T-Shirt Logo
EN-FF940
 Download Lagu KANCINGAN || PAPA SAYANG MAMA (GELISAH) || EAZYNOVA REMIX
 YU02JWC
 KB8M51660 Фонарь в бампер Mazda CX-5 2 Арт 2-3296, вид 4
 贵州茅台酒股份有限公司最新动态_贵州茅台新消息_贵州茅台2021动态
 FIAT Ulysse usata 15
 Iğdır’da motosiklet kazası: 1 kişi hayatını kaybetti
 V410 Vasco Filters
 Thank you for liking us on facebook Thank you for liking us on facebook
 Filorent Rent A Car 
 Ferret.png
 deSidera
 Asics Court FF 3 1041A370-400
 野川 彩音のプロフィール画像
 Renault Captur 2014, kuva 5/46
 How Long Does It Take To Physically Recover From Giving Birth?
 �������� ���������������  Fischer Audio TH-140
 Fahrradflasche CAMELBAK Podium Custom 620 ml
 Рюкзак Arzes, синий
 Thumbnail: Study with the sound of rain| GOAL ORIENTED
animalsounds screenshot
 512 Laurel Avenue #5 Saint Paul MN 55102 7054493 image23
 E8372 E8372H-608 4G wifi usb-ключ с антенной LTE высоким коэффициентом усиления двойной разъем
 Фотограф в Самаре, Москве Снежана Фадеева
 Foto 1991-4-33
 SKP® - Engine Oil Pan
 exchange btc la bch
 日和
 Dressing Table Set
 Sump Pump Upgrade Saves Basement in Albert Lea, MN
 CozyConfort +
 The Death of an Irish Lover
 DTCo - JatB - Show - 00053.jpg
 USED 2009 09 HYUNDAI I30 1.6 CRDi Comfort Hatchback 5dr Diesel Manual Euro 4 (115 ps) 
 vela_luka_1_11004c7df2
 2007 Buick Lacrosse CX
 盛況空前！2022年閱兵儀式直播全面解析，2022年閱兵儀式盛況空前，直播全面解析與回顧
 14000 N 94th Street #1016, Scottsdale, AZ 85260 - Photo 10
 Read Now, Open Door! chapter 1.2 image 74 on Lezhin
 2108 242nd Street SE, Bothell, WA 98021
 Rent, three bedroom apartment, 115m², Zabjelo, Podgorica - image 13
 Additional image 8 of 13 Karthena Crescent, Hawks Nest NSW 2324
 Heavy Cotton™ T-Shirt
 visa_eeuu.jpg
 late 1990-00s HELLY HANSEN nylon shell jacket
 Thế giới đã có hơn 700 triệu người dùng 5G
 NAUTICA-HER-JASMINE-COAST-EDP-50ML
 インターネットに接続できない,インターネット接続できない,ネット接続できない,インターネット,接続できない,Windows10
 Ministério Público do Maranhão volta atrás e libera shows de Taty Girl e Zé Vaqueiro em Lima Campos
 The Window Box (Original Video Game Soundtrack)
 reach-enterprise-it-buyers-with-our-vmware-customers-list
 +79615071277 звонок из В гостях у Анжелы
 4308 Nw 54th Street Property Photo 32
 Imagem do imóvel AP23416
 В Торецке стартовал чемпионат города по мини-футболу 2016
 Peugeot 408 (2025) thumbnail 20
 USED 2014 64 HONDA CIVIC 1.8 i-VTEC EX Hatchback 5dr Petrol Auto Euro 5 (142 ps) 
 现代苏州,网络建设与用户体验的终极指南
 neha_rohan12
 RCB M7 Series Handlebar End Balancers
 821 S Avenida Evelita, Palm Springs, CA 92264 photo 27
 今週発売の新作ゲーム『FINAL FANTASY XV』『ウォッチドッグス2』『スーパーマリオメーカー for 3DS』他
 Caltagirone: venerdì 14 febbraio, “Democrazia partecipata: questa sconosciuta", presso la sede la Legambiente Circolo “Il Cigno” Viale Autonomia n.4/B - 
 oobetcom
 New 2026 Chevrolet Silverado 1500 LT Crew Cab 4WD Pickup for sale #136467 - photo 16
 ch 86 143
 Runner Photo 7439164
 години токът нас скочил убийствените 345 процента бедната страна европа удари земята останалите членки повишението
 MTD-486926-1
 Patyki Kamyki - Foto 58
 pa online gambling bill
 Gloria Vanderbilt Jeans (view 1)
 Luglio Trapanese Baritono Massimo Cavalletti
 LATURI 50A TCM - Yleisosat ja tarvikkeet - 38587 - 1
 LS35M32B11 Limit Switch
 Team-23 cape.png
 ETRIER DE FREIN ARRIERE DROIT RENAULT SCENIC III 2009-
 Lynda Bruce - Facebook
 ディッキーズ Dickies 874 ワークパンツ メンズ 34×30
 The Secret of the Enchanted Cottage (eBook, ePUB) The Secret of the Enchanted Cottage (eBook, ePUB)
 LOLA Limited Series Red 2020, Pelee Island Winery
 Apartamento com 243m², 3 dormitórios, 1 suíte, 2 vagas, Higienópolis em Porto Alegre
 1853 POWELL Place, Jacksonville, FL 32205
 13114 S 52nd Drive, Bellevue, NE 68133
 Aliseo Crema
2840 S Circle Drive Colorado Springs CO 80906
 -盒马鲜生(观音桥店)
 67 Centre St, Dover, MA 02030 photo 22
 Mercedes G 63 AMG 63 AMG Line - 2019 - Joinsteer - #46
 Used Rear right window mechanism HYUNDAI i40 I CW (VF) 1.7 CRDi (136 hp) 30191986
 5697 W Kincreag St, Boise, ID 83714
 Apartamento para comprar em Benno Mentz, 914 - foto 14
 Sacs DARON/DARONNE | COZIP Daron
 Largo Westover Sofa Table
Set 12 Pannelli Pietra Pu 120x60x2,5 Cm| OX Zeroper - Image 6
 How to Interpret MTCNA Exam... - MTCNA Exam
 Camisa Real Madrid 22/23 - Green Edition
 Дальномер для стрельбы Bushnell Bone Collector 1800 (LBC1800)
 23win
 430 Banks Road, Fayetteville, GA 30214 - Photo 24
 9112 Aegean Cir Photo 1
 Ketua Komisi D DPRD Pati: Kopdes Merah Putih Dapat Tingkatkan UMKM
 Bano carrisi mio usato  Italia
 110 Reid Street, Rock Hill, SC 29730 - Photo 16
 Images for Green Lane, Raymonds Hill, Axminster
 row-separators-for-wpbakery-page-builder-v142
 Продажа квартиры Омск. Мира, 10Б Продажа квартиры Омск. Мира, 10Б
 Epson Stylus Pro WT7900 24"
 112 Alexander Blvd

● **WHAT NEEDS TO BE DONE**
Using the material, show each line where the string "Street" can be found.

● **ANSWER SECTION**
 14000 N 94th Street #1016, Scottsdale, AZ 85260 - Photo 10
 2108 242nd Street SE, Bothell, WA 98021
 4308 Nw 54th Street Property Photo 32
 110 Reid Street, Rock Hill, SC 29730 - Photo 16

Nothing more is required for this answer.